I’m skeptical. I want proof. I couldn’t get it, and I’d like to see where that kind of number comes from. There are so many writers out there, some of whom only send out one book and self-publish, some of whom have one book and traditionally publish, and some of whom keep sending out book after book. Some of these make great money, and others struggle along without much notice.

That median supposedly takes into account all writers, nonfiction and television and tech writers and fiction. If that had any truth, wouldn’t more of us be attempting to be writers?

Mostly, the part that makes me sad is when I think about that as a goal, as an answer to when I’ll be successful is when I hit the median of “writers,” it feels impossible. I don’t rise to impossible overnight. I like small goals. Like, how about, make more money this year than I pay out?
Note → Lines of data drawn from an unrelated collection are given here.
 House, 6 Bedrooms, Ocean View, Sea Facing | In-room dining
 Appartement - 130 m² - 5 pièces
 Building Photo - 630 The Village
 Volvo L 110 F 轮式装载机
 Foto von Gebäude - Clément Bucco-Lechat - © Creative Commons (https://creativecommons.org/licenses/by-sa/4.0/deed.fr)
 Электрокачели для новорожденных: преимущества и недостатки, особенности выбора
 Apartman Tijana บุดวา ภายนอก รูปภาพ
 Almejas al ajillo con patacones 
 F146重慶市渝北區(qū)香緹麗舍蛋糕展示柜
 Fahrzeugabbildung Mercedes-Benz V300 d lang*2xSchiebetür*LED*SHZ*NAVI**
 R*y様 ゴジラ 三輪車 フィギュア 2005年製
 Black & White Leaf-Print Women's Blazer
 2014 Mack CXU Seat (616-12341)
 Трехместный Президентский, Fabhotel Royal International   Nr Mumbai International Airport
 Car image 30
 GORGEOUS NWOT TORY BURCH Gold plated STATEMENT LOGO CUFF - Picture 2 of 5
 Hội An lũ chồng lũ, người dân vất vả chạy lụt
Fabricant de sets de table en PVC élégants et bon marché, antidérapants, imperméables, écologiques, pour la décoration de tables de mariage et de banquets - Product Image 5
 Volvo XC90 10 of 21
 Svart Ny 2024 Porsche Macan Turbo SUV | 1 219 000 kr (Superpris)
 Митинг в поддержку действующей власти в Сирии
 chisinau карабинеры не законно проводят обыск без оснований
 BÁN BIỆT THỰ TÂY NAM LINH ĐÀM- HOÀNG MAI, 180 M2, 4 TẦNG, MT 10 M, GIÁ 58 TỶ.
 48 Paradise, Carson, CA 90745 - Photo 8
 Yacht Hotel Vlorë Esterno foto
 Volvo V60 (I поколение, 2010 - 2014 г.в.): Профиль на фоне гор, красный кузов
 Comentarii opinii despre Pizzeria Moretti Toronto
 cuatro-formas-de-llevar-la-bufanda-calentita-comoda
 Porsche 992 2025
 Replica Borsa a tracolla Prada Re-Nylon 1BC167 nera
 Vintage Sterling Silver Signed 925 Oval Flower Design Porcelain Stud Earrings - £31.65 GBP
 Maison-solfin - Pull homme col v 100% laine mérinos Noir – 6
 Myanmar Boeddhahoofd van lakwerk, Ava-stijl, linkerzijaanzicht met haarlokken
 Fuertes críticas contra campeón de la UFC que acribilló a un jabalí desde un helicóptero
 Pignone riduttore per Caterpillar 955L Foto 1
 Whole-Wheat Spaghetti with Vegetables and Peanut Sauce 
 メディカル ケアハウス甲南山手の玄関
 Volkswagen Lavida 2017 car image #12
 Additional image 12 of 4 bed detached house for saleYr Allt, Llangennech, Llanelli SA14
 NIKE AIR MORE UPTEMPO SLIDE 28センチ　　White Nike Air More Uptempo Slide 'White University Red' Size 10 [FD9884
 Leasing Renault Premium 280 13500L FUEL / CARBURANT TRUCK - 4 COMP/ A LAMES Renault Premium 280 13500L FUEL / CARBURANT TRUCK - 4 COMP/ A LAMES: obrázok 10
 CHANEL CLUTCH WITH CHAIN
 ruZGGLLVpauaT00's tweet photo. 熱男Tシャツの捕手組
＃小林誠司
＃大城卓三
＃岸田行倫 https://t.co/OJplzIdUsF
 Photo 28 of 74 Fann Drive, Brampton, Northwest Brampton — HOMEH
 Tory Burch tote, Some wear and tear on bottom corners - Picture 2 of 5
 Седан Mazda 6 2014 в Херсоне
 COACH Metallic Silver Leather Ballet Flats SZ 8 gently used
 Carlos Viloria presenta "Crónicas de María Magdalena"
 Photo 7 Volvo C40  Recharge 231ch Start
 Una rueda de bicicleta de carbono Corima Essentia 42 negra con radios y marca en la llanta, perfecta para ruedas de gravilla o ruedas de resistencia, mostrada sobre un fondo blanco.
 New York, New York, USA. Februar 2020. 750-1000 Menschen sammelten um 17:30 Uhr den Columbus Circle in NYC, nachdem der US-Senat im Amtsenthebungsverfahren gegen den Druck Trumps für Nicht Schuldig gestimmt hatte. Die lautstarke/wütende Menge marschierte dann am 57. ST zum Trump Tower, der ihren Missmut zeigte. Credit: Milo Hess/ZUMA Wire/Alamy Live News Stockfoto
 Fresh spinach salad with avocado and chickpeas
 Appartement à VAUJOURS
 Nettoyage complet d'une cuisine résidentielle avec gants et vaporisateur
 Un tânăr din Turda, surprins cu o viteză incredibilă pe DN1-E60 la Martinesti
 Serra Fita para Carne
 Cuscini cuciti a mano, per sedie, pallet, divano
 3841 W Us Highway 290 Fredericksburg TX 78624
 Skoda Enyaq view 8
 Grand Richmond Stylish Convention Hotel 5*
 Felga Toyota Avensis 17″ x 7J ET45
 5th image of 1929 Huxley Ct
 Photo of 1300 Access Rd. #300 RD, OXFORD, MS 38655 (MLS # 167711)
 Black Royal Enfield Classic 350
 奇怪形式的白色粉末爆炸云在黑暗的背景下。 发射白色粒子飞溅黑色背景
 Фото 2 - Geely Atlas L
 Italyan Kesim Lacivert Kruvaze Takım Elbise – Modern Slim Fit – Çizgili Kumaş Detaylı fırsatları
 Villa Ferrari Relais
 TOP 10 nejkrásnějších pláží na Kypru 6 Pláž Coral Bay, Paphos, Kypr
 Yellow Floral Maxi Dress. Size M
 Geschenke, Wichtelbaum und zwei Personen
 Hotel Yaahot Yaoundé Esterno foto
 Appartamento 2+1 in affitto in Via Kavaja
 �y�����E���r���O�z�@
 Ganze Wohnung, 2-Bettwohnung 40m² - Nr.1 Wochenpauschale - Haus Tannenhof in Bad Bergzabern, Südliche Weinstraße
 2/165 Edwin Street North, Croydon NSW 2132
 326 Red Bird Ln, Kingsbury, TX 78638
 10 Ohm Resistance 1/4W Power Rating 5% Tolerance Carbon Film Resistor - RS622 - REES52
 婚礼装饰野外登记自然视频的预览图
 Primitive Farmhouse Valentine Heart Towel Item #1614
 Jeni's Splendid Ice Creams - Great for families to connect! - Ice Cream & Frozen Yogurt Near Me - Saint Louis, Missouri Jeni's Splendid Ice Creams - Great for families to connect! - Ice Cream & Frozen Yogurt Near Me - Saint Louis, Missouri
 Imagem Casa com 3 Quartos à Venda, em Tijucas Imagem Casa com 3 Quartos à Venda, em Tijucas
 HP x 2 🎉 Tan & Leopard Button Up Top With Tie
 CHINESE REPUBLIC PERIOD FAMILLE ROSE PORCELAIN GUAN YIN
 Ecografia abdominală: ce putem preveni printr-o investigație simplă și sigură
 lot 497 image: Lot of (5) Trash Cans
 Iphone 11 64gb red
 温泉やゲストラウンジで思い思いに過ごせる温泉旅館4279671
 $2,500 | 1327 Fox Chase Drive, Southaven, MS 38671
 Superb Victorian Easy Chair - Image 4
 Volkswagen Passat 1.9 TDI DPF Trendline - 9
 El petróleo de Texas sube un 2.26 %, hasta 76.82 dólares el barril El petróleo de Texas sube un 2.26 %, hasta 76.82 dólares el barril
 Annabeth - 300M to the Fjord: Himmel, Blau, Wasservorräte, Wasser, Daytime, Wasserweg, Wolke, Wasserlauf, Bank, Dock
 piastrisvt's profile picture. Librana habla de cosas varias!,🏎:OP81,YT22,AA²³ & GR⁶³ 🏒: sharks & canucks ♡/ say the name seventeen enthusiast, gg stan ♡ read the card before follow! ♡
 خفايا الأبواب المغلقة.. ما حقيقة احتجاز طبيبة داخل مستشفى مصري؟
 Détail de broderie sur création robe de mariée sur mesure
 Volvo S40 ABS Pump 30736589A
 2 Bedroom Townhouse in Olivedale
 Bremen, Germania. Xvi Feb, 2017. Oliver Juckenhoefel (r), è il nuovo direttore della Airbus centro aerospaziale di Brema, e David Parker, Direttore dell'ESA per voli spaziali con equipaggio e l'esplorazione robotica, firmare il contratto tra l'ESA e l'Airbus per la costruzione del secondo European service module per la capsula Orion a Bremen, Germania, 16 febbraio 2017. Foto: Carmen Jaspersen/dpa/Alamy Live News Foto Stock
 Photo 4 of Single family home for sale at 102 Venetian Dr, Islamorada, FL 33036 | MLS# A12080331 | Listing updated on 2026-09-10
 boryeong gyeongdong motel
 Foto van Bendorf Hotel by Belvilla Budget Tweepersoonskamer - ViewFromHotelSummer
And try to do that a couple years running?

Please send me a  comment with what you think it takes to be a successful writer – and what the goals are that keep you going on your path.

Yesterday I completed 720 days in a row of writing at least 750 words per day. I also received a rejection for my manuscript from an agent. Today’s task list includes rewriting. I haven’t given up on this writing dream.

Poetry Challenge

One thing I love about poetry is the way you look at words differently. I won’t call myself a poet. I don’t spend nearly enough time on it for that. I know little about forms. Meter and rhyme mostly serve to frustrate me.

But I read this op-ed, and I was thinking. I know some poets. They have beautiful words to share. One thing about those writer groups where you go and take something to read out loud – poetry is perfect for that medium. It’s also easy to print out 20 copies of a poem to share so they can find typos or anything else.

A friend of mine is running a poetry challenge this month, and every day we’re writing a poem. The challenge comes in finding something to say about the prompt – yesterday was Celestial Musings – and not using any of the forbidden words while using all of the required words and it was the first day we had the option of finding a form (any form).

I find it very intimidating to go find a form and just use it. I like it when someone tells me to try a pantoum or a tanka or a jozzonet. There are so many forms out there I’ve never heard of and I’m not sure where to go find them.

When the month is over and I have 30 new poems – because I’m not the kind of person who backs away from a challenge – I’m going back to my novel edits. I’m doing it to look at the words differently. To change how I see them in my head. To alter how they come out while I’m describing things. Wish me luck. I have 17 down and 13 to go.